And then there is this in The Times story: Yes, e-commerce has also fostered a boom in other industries, including warehouses. But most of those jobs are being created in larger metropolitan areas, an analysis of Census Bureau business data shows.

Most of those Amazon fulfillment centers are located around the big cities.

So we get a double-whammy in rural Iowa. Our businesses suffer when people shop online, but we don’t get any of the replacement jobs. We can buy modern. But we can’t work modern. This leaves us two choices: move or get more stalwart about shopping at home.

Elections, of course, have consequences, but we can argue that the millions of individualized, day-to-day shopping decisions by rural Iowans to go online instead of downtown hurt us far more than any Washington, D.C.-directed policies.

Shopping online steals the rural futures of your neighbors in places like Carroll and Jefferson and Guthrie Center.

That said, complaining about the march of e-commerce won’t do any good. We need inspired action.

Rural Americans should do everything in their power to make purchases in their small towns first. One way to do this is what I call Reverse Showrooming. Showrooming is when people go to stores, scout out items and then search for them online.

Well, we can turn the tables on that, and look online for what we want and then have our local merchants order for us, keeping the money circulating here instead of paying for millennials to drink craft beers and scarf down avocado toast in Seattle.

I search for books online, make lists and then have Tom Langel at Carroll’s Good News Book & Gift Store order them for me. Other people do this, too.

In the past, I have made the case against leaving rural Iowa for the shopping malls of Des Moines and Omaha, Nebraska.

I stand by that — to a point. Try and find a way to purchase what you can in your small town, and if that fails, a nearby rural community.

But the rural-urban divisions are deadly for Iowa. We are one state, linked in more ways than we know. Take, for example, the fact that Kuemper Catholic High School in Carroll has more than 1,000 alums living in the Des Moines area.

Shopping in Des Moines and Omaha — while it should be a rural Iowan’s second or third option — remains a better choice for Iowa than keystroking purchases through the online retailers with no physical retail presences in Iowa.

In the end, if rural Iowans put the convenience of online shopping ahead of the interests of our local businesses, Bill Burr’s joke won’t be a joke.

We’ll have to shoot down Amazon drones.
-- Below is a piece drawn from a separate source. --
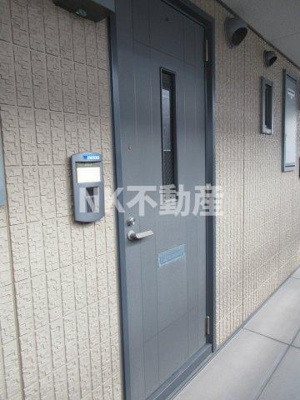 【玄関】 | ヴィブレ・メゾンドゥ（八戸ノ里賃貸） | 明るい玄関です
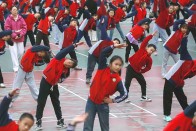 宝丰镇施洋小学广播体操比赛展风采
It will be the only way to get goods and services in rural Iowa, and it will be our own lazy, greedy faults.

Ditch the dot-coms and spend your money locally.

Or improve your aim. ♦

burns doug 12-10-25Douglas Burns is a fourth-generation Iowa newspaperman. He and his family own and publish newspapers in Carroll, Jefferson and other neighboring communities.

 

 

2 Comments

  1. jay howe says:

    good piece. I shop local as a matter of ideology and practicality, but do not patronize shopping malls and strip malls which rely on folks commuting all over creation and most often in fuel-inefficient vehicles. I prefer internet over support of sprawl lifestyles . . .

  2. Wally Norton says:

    E-Commerce needs to be taxed with respect to the local state. That would help even the playing field for brick & mortars.